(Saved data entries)
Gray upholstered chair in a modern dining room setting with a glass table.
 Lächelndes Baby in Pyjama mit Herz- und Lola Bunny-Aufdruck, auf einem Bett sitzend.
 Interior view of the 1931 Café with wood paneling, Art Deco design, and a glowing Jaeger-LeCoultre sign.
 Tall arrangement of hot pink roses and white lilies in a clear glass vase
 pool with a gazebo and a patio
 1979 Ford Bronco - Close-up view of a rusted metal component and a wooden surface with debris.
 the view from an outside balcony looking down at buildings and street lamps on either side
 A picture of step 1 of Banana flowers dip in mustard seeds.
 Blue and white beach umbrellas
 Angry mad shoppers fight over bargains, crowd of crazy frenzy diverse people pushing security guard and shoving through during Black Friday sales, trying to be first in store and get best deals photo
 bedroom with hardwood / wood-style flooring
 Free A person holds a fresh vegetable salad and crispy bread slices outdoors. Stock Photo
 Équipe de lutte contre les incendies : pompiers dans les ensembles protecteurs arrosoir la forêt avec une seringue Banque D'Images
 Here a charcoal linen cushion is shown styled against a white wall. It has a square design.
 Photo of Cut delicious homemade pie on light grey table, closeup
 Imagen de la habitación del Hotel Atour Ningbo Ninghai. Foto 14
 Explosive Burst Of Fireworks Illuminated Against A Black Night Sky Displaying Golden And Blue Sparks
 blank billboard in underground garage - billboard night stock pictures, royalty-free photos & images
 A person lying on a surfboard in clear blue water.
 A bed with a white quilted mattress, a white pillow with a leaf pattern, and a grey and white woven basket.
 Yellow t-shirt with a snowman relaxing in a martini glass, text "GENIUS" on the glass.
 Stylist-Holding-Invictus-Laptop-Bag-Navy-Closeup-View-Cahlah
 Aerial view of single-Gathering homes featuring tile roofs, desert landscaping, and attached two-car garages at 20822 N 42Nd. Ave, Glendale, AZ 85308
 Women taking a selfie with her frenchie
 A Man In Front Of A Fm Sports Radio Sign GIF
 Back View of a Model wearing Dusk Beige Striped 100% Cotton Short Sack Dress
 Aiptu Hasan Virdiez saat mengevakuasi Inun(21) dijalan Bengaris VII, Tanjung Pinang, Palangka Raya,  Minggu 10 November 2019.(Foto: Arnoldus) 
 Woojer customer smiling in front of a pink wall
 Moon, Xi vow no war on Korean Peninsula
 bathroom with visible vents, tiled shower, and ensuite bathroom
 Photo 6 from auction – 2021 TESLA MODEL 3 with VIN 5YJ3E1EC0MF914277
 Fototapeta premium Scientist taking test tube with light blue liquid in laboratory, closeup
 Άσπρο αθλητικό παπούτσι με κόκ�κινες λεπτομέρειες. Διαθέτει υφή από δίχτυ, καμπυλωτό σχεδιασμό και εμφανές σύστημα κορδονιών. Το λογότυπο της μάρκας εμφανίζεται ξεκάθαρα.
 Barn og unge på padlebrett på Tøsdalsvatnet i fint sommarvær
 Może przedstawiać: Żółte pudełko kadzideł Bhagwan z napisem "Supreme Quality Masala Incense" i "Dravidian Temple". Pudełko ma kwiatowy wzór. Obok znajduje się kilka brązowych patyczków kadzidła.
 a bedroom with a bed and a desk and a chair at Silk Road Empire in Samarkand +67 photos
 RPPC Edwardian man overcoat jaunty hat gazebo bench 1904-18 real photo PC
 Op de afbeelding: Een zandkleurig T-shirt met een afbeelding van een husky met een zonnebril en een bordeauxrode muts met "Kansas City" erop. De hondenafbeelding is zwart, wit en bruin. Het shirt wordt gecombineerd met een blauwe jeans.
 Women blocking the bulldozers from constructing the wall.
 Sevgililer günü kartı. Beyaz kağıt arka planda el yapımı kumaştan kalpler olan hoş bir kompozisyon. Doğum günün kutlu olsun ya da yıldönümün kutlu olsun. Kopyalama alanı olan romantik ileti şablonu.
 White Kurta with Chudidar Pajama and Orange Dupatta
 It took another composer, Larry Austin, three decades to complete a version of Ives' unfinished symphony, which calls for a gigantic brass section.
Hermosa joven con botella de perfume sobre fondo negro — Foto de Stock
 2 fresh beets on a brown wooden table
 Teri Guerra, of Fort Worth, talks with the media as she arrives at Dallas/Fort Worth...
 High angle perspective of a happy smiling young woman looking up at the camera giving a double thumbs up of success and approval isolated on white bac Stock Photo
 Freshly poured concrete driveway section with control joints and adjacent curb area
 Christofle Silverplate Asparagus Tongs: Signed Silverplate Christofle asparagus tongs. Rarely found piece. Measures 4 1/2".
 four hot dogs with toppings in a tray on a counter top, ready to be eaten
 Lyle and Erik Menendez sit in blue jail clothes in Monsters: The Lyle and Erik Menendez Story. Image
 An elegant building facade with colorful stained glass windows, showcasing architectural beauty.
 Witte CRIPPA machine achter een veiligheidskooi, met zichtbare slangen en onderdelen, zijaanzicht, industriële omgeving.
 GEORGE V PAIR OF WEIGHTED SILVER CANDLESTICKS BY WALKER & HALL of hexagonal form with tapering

• EXERCISE DIRECTIONS:
Each entry must be retyped exactly as it was written above.

• RESPONSE AREA:
Gray upholstered chair in a modern dining room setting with a glass table.
 Lächelndes Baby in Pyjama mit Herz- und Lola Bunny-Aufdruck, auf einem Bett sitzend.
 Interior view of the 1931 Café with wood paneling, Art Deco design, and a glowing Jaeger-LeCoultre sign.
 Tall arrangement of hot pink roses and white lilies in a clear glass vase
 pool with a gazebo and a patio
 1979 Ford Bronco - Close-up view of a rusted metal component and a wooden surface with debris.
 the view from an outside balcony looking down at buildings and street lamps on either side
 A picture of step 1 of Banana flowers dip in mustard seeds.
 Blue and white beach umbrellas
 Angry mad shoppers fight over bargains, crowd of crazy frenzy diverse people pushing security guard and shoving through during Black Friday sales, trying to be first in store and get best deals photo
 bedroom with hardwood / wood-style flooring
 Free A person holds a fresh vegetable salad and crispy bread slices outdoors. Stock Photo
 Équipe de lutte contre les incendies : pompiers dans les ensembles protecteurs arrosoir la forêt avec une seringue Banque D'Images
 Here a charcoal linen cushion is shown styled against a white wall. It has a square design.
 Photo of Cut delicious homemade pie on light grey table, closeup
 Imagen de la habitación del Hotel Atour Ningbo Ninghai. Foto 14
 Explosive Burst Of Fireworks Illuminated Against A Black Night Sky Displaying Golden And Blue Sparks
 blank billboard in underground garage - billboard night stock pictures, royalty-free photos & images
 A person lying on a surfboard in clear blue water.
 A bed with a white quilted mattress, a white pillow with a leaf pattern, and a grey and white woven basket.
 Yellow t-shirt with a snowman relaxing in a martini glass, text "GENIUS" on the glass.
 Stylist-Holding-Invictus-Laptop-Bag-Navy-Closeup-View-Cahlah
 Aerial view of single-Gathering homes featuring tile roofs, desert landscaping, and attached two-car garages at 20822 N 42Nd. Ave, Glendale, AZ 85308
 Women taking a selfie with her frenchie
 A Man In Front Of A Fm Sports Radio Sign GIF
 Back View of a Model wearing Dusk Beige Striped 100% Cotton Short Sack Dress
 Aiptu Hasan Virdiez saat mengevakuasi Inun(21) dijalan Bengaris VII, Tanjung Pinang, Palangka Raya,  Minggu 10 November 2019.(Foto: Arnoldus) 
 Woojer customer smiling in front of a pink wall
 Moon, Xi vow no war on Korean Peninsula
 bathroom with visible vents, tiled shower, and ensuite bathroom
 Photo 6 from auction – 2021 TESLA MODEL 3 with VIN 5YJ3E1EC0MF914277
 Fototapeta premium Scientist taking test tube with light blue liquid in laboratory, closeup
 Άσπρο αθλητικό παπούτσι με κόκ�κινες λεπτομέρειες. Διαθέτει υφή από δίχτυ, καμπυλωτό σχεδιασμό και εμφανές σύστημα κορδονιών. Το λογότυπο της μάρκας εμφανίζεται ξεκάθαρα.
 Barn og unge på padlebrett på Tøsdalsvatnet i fint sommarvær
 Może przedstawiać: Żółte pudełko kadzideł Bhagwan z napisem "Supreme Quality Masala Incense" i "Dravidian Temple". Pudełko ma kwiatowy wzór. Obok znajduje się kilka brązowych patyczków kadzidła.
 a bedroom with a bed and a desk and a chair at Silk Road Empire in Samarkand +67 photos
 RPPC Edwardian man overcoat jaunty hat gazebo bench 1904-18 real photo PC
 Op de afbeelding: Een zandkleurig T-shirt met een afbeelding van een husky met een zonnebril en een bordeauxrode muts met "Kansas City" erop. De hondenafbeelding is zwart, wit en bruin. Het shirt wordt gecombineerd met een blauwe jeans.
 Women blocking the bulldozers from constructing the wall.
 Sevgililer günü kartı. Beyaz kağıt arka planda el yapımı kumaştan kalpler olan hoş bir kompozisyon. Doğum günün kutlu olsun ya da yıldönümün kutlu olsun. Kopyalama alanı olan romantik ileti şablonu.
 White Kurta with Chudidar Pajama and Orange Dupatta
 It took another composer, Larry Austin, three decades to complete a version of Ives' unfinished symphony, which calls for a gigantic brass section.
Hermosa joven con botella de perfume sobre fondo negro — Foto de Stock
 2 fresh beets on a brown wooden table
 Teri Guerra, of Fort Worth, talks with the media as she arrives at Dallas/Fort Worth...
 High angle perspective of a happy smiling young woman looking up at the camera giving a double thumbs up of success and approval isolated on white bac Stock Photo
 Freshly poured concrete driveway section with control joints and adjacent curb area
 Christofle Silverplate Asparagus Tongs: Signed Silverplate Christofle asparagus tongs. Rarely found piece. Measures 4 1/2".
 four hot dogs with toppings in a tray on a counter top, ready to be eaten
 Lyle and Erik Menendez sit in blue jail clothes in Monsters: The Lyle and Erik Menendez Story. Image
 An elegant building facade with colorful stained glass windows, showcasing architectural beauty.
 Witte CRIPPA machine achter een veiligheidskooi, met zichtbare slangen en onderdelen, zijaanzicht, industriële omgeving.
 GEORGE V PAIR OF WEIGHTED SILVER CANDLESTICKS BY WALKER & HALL of hexagonal form with tapering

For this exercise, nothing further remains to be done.